§ **Try it**
Write out, word for word, the part of the listing below that opens with the line containing "2 Bed Cosy Flat" and closes with the line containing "As montanhas nevadas", keeping both of those lines and adding no others.
** Supplied data follows **
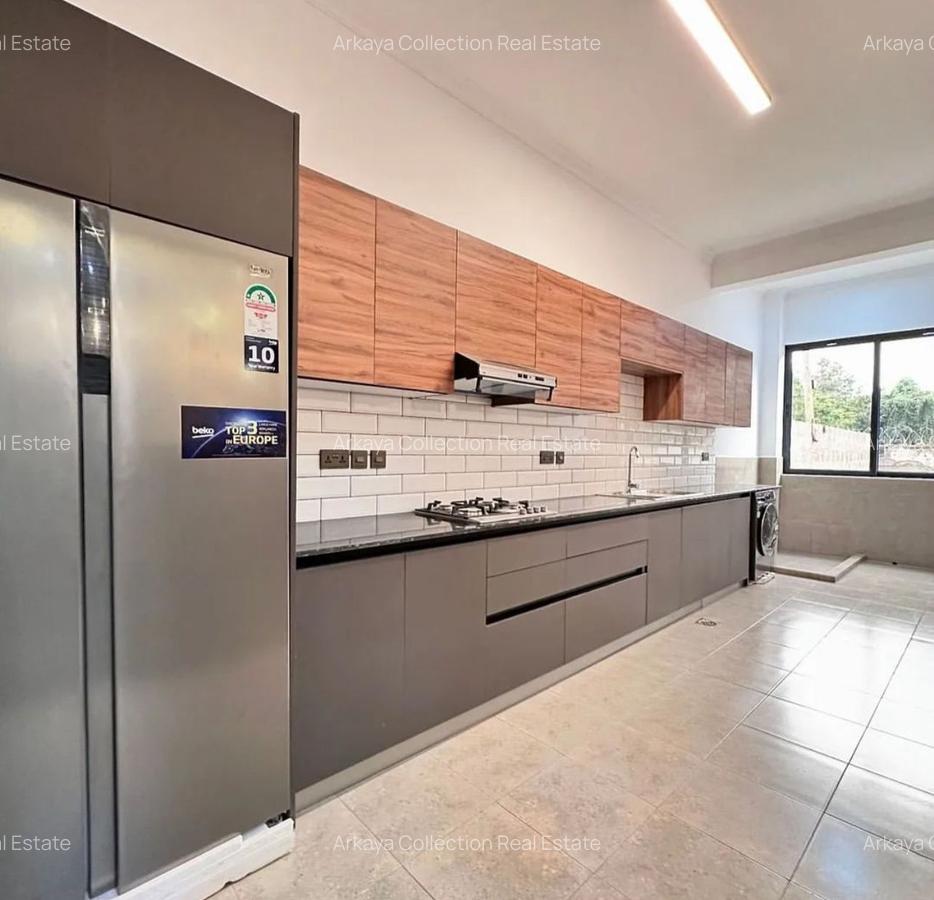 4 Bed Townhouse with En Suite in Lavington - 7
** End of Supplied data **
** Supplied data follows **
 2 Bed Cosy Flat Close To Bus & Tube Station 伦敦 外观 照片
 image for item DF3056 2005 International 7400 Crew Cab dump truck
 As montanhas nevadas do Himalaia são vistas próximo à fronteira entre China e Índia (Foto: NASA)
** End of Supplied data **
§ **Solution to the exercise**
 2 Bed Cosy Flat Close To Bus & Tube Station 伦敦 外观 照片
 image for item DF3056 2005 International 7400 Crew Cab dump truck
 As montanhas nevadas do Himalaia são vistas próximo à fronteira entre China e Índia (Foto: NASA)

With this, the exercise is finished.